Around 8:00 p.m. Fernandez watched Soler pull up in a gray Mercury Cougar. After a brief conversation with his friend, Rodriguez went inside and re-emerged with a plastic bag containing smaller plastic baggies filled with white powder. Rodriguez handed the bag to Soler, who gave his buddy five U.S. bills, returned to his car, and drove off. Fernandez ordered Bradford, Leon, and Losada to pursue Soler.
The detectives pulled Soler over about half a block from his apartment. After placing Soler in custody, the cops found 6.5 grams of yeyo inside the center console of the Cougar.
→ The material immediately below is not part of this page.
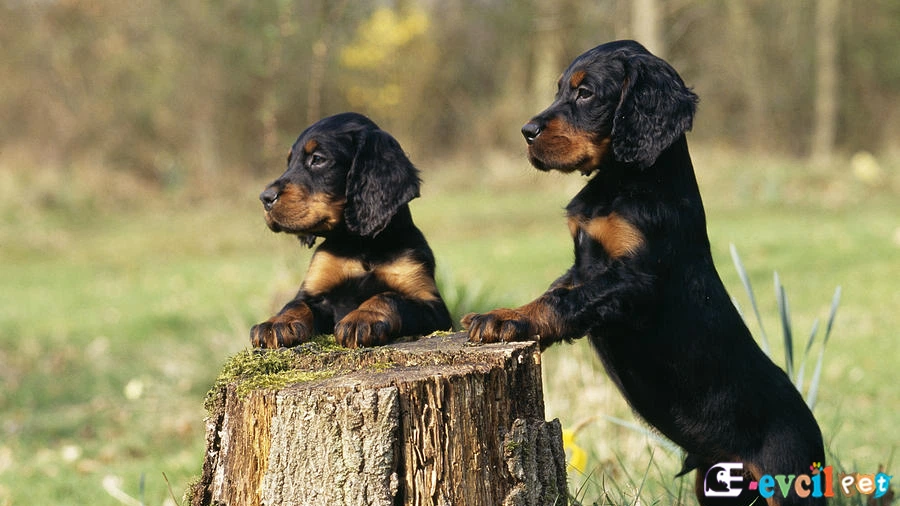Gordon Setter Genetik Sağlık Sorunları Hastalıkları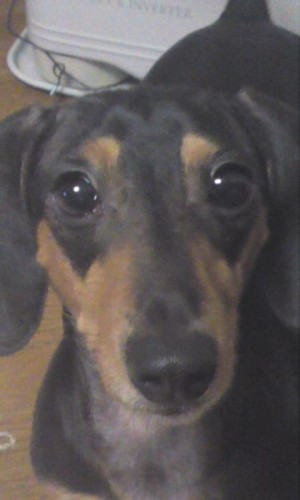 久々のアップと新商品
Losada arrested Soler on two felony cocaine trafficking charges.
The four detectives rejoined Fernandez and Villalobos in taking down Rodriguez, who was arrested inside his house, where the cops confiscated two handguns and $2060, but found no drugs. Fernandez charged Rodriguez with three felony drug counts for possessing and then selling 7.5 grams of cocaine to Soler.
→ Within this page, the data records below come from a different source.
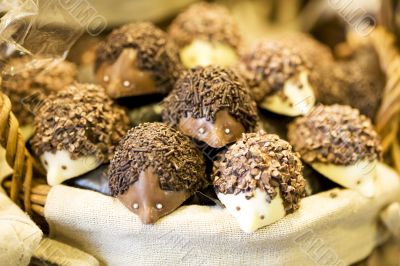 Chocolate Eagels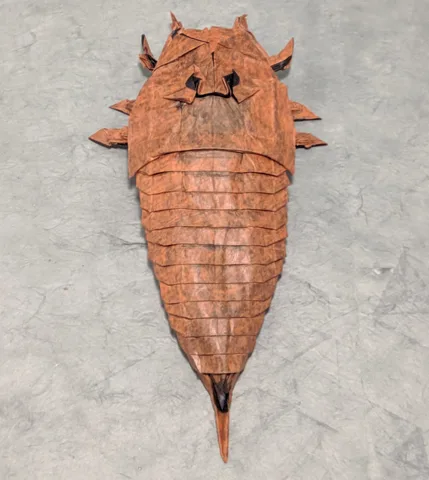 Hibbertopterus scouleri (PD)
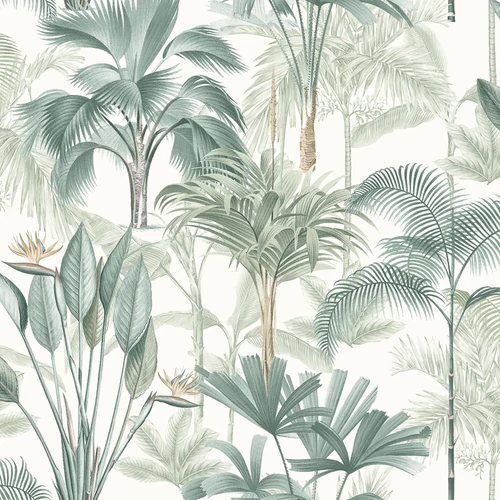 922908 - Signature tapéta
Two days after bonding out of jail, Rodriguez and Soler went to the Miami-Dade Police Department's Internal Affairs with incredible allegations against Fernandez and his squad. The two amigos alleged the officers planted the drugs, falsified their arrest affidavits, and stole their money, power tools, and other personal belongings.
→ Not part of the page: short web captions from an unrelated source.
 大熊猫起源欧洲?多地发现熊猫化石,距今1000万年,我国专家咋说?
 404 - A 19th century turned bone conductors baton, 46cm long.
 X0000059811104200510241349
During a recent interview inside his living room, Rodriguez and his wife Lesbia Raudales recount the story they told internal affairs. A short, stout man, Rodriguez is wearing a white tee, blue jeans, and construction boots, all completely caked in dry paint and cement stains. In addition to being a landlord, Rodriguez says he remodels houses, pours concrete, drives trucks, and does other manual labor. He had just finished pouring concrete for a neighbor's driveway when he sat down to explain what happened when he first met the jump-out boys this past September.
Rodriguez claims Fernandez and Losada failed to report at least $5240 taken from his home. The money was the monthly rent payments Rodriguez and Raudales say they had collected from their tenants. The couple owns three rental properties in the neighborhood. About another $200 was removed from a piggy bank inside their baby son's room, Raudales adds. "They even took the offerings to the San Lazaro statue in our house!" she says. "I think that the cup had at least $100 in it."
The officers also absconded with some of his power tools, including a motorized jigsaw used to cut concrete, Rodriguez says. "It was like I was back in Cuba," he recalls. "They were taking all of my stuff, but they never told me what I was being charged with."
During the two-hour search of their home, Raudales claims Detective Leon pressured her into signing a form consenting to the search by threatening to remove her then-eight-month-old son and take him to the Department of Children and Families. "You have to live it to believe it," Raudales says. "These officers are professional delinquents."
In a sworn statement, Soler denied he purchased drugs from Rodriguez. Soler alleged Losada took $1300 that was in Soler's pants pocket, a red duffle bag, two polo shirts, a digital camera, boxes of bullet rounds, and a brand-new pair of bolt cutters. "He took all my shit and put it in the back of his car," Soler claims. "I never saw it again. He never impounded it."
Adding insult to injury, Soler grouses, his house was burglarized while he was in jail. Somebody jacked his DVD player, stereo, $545, and some power tools including a compressor, a chipping hammer, and five nail guns he had bought on the street from dope fiends. "They even took my personal home videos," Soler adds. "Losada left the door open so the same associates and crackheads I deal with in the neighborhood could come in and take everything I owned."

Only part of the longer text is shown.